*RECORDED DATA*:
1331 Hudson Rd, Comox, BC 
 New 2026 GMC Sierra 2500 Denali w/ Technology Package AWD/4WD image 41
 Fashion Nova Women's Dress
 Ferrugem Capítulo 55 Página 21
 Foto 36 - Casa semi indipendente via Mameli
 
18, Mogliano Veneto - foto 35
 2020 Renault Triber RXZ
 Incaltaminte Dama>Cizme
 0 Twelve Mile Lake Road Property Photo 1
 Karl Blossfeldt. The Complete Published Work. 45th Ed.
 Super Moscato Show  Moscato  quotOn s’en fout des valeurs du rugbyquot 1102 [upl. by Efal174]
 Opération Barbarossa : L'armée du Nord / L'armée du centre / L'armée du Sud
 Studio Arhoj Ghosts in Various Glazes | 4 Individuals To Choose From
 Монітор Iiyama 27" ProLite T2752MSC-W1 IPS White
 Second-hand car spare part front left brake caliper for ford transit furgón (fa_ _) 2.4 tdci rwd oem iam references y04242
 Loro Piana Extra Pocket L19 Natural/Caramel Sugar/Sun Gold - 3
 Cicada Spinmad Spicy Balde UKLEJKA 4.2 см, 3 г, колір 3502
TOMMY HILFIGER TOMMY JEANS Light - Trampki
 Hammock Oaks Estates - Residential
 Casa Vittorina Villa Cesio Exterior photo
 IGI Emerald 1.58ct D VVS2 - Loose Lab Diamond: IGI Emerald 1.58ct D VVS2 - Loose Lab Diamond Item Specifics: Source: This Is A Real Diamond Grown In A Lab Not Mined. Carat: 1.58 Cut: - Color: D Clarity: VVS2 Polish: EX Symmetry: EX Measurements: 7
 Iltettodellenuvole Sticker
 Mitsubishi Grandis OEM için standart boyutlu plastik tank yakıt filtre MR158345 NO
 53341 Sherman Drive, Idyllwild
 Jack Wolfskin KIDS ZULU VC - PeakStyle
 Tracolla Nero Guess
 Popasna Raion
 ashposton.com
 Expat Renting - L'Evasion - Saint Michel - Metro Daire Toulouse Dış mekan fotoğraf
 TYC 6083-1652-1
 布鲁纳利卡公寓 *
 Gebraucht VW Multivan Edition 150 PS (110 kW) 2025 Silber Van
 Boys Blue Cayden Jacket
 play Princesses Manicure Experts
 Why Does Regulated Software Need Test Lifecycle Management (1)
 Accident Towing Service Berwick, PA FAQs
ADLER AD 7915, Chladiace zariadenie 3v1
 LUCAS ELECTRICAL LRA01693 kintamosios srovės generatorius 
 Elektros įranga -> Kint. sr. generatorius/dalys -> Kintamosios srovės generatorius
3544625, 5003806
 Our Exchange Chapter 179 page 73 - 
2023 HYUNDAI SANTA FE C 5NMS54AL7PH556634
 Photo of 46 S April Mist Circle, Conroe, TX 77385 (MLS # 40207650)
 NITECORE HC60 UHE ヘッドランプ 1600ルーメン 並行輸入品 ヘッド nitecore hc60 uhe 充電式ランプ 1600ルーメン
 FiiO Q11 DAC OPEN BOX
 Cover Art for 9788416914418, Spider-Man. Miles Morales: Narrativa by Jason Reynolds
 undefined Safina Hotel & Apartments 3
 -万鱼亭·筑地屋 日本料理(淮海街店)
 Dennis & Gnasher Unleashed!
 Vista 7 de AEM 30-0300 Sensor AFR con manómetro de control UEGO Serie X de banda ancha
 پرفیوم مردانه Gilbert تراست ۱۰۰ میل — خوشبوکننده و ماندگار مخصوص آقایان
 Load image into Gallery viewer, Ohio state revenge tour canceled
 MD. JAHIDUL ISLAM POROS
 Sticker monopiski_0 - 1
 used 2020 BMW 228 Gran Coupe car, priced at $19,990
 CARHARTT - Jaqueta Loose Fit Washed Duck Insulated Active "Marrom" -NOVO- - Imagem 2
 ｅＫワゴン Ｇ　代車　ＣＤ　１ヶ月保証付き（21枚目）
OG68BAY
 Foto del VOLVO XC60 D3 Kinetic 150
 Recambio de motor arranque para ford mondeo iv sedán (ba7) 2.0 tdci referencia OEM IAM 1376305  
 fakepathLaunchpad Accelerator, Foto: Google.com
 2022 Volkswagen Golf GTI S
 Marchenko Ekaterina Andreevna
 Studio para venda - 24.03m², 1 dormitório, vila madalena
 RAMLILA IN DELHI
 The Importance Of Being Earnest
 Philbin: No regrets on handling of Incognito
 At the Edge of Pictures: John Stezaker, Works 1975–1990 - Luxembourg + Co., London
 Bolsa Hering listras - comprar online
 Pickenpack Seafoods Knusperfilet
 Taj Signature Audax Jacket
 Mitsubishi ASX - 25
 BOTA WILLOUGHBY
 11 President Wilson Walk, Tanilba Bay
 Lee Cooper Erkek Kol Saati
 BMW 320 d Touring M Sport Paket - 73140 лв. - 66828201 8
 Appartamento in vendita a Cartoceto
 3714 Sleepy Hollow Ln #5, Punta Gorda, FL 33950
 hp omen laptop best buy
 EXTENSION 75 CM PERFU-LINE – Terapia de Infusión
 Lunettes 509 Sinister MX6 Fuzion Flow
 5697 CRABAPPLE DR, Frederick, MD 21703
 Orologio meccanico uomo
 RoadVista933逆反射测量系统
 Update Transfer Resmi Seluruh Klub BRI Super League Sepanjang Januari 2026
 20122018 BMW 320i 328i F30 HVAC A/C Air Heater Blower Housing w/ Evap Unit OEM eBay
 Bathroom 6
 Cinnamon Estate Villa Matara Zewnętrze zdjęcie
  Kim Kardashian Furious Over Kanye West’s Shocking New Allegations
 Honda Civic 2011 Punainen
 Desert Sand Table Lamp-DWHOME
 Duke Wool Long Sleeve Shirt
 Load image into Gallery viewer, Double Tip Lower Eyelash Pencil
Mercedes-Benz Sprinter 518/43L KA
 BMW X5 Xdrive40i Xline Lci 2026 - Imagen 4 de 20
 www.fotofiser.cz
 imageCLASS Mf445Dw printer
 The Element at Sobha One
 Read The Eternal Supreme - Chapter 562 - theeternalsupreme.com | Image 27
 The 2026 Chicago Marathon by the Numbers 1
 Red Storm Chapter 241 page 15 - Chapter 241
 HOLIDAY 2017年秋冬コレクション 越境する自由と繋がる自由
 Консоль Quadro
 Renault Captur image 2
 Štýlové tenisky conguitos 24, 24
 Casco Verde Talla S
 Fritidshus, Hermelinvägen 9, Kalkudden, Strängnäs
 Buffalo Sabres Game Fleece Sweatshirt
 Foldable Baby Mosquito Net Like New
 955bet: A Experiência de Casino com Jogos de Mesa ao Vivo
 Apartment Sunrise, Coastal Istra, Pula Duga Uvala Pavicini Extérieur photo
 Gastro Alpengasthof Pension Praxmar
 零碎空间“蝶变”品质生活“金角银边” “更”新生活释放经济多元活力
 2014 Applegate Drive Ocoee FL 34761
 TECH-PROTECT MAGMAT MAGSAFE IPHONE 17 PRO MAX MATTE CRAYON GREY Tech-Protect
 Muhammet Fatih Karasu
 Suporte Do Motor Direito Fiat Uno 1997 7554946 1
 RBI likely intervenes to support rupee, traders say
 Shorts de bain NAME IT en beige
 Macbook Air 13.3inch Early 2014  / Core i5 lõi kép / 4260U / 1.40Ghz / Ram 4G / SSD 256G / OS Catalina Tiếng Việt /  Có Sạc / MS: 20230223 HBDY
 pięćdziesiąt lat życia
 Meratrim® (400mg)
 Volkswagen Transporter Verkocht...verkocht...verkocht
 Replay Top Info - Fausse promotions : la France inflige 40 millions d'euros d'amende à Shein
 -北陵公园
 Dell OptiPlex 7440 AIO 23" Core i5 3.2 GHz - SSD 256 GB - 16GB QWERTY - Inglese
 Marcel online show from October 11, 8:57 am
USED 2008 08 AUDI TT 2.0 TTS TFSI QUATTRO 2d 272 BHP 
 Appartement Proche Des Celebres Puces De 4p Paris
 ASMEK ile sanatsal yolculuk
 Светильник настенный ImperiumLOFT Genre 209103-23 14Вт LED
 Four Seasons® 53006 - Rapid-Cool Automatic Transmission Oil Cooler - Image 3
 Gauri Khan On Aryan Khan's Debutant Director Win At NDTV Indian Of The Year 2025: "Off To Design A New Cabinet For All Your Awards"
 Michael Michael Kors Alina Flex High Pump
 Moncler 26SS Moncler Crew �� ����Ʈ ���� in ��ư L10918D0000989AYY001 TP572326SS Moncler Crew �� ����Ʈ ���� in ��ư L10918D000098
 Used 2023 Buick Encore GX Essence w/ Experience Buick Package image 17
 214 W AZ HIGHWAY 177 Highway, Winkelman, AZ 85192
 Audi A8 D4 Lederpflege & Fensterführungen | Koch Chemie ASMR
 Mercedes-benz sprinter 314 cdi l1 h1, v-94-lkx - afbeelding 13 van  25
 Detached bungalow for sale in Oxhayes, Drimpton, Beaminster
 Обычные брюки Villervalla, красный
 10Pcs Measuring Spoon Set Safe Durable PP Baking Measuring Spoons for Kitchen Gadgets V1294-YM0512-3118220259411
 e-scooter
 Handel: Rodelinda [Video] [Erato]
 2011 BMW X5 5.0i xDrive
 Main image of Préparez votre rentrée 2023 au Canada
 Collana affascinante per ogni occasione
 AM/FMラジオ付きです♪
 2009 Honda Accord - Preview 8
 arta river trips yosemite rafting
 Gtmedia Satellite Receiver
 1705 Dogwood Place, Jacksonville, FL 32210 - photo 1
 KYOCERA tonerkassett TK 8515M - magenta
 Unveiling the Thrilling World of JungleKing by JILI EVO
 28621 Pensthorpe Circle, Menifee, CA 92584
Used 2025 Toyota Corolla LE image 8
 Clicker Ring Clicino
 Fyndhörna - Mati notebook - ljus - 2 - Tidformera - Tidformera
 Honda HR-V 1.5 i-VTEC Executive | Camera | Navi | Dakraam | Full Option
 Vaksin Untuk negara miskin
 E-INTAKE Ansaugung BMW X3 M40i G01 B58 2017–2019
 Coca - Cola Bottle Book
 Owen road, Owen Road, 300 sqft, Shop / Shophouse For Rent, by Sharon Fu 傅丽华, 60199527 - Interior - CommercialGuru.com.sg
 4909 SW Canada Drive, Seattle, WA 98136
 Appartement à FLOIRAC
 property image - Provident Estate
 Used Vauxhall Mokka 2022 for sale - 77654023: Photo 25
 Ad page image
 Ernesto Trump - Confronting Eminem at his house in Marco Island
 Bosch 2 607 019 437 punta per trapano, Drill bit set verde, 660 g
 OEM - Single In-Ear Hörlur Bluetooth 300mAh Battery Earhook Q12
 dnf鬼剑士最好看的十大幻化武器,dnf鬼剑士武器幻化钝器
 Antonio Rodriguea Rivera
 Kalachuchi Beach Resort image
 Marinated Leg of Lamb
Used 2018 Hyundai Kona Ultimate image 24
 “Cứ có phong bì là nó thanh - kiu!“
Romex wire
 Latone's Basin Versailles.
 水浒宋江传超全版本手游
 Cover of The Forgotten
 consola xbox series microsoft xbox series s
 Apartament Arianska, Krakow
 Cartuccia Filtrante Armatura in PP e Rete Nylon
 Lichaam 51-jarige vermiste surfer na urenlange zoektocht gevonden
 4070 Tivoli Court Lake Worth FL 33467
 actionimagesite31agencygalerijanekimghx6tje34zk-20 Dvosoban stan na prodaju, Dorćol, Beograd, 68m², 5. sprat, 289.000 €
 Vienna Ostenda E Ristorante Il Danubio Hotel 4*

*ASSIGNMENT*: Starting with the first line of the records above, give back each line exactly until the line with "Opération Barbarossa : L'armée" has been given as well.

*TASK OUTPUT*:
1331 Hudson Rd, Comox, BC 
 New 2026 GMC Sierra 2500 Denali w/ Technology Package AWD/4WD image 41
 Fashion Nova Women's Dress
 Ferrugem Capítulo 55 Página 21
 Foto 36 - Casa semi indipendente via Mameli
 
18, Mogliano Veneto - foto 35
 2020 Renault Triber RXZ
 Incaltaminte Dama>Cizme
 0 Twelve Mile Lake Road Property Photo 1
 Karl Blossfeldt. The Complete Published Work. 45th Ed.
 Super Moscato Show  Moscato  quotOn s’en fout des valeurs du rugbyquot 1102 [upl. by Efal174]
 Opération Barbarossa : L'armée du Nord / L'armée du centre / L'armée du Sud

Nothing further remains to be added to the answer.